#### [DESCRIPTION OF THE TASK]
Apart from the pictures, write out all the records exactly.

#### [MATERIAL TO PROCESS]
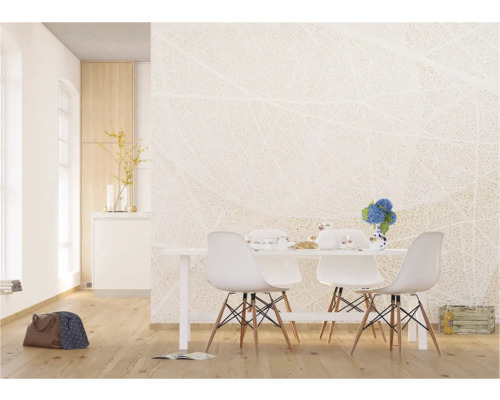Pièce lumineuse avec table à manger, chaises et papier peint décoratif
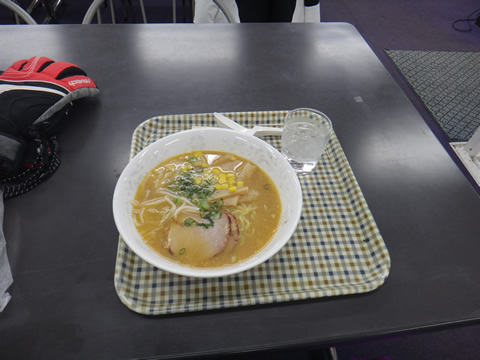 今日の昼食は味噌ラーメンでした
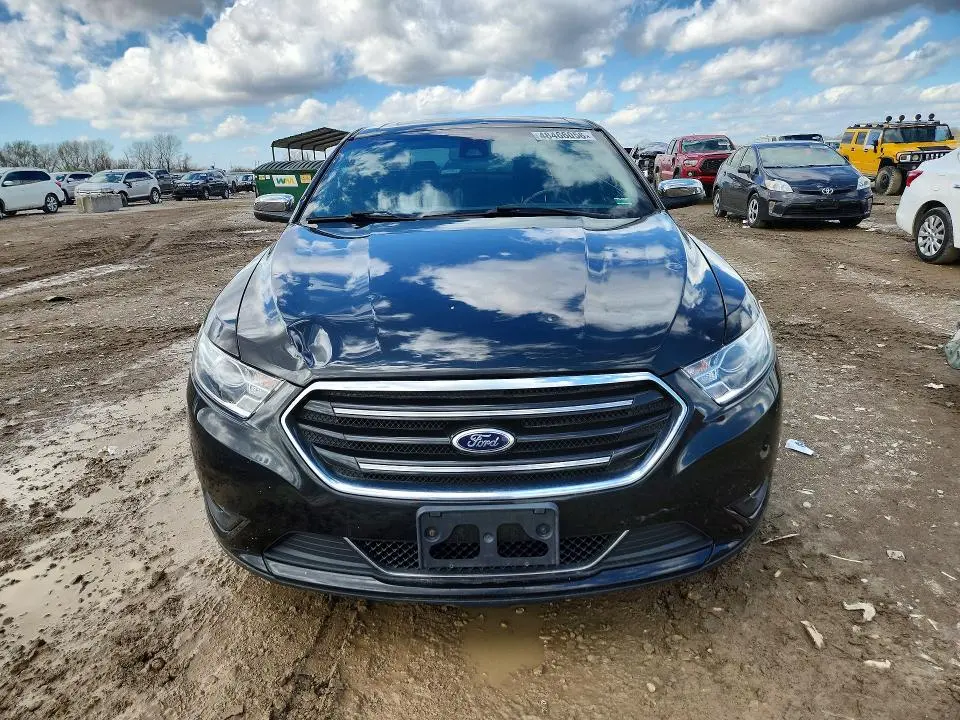 2015 FORD TAURUS LIMITED  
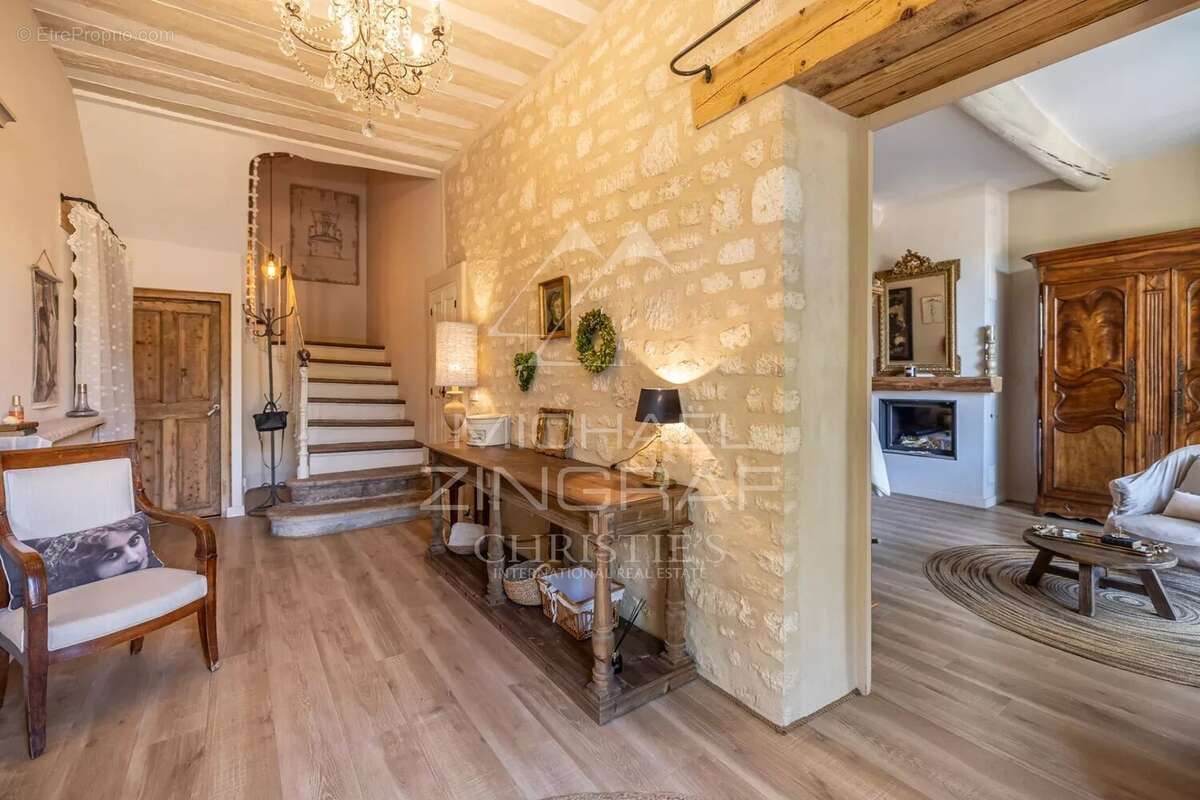 Maison à L'ISLE-SUR-LA-SORGUE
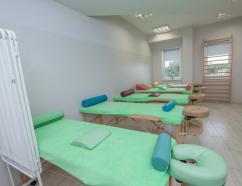 Sala do przeprowadzania szkoleń w zakresie masażu, widok na stanowiska szkoleniowe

#### [ANSWER FOR THE TASK]
Pièce lumineuse avec table à manger, chaises et papier peint décoratif
 今日の昼食は味噌ラーメンでした
 2015 FORD TAURUS LIMITED  
 Maison à L'ISLE-SUR-LA-SORGUE
 Sala do przeprowadzania szkoleń w zakresie masażu, widok na stanowiska szkoleniowe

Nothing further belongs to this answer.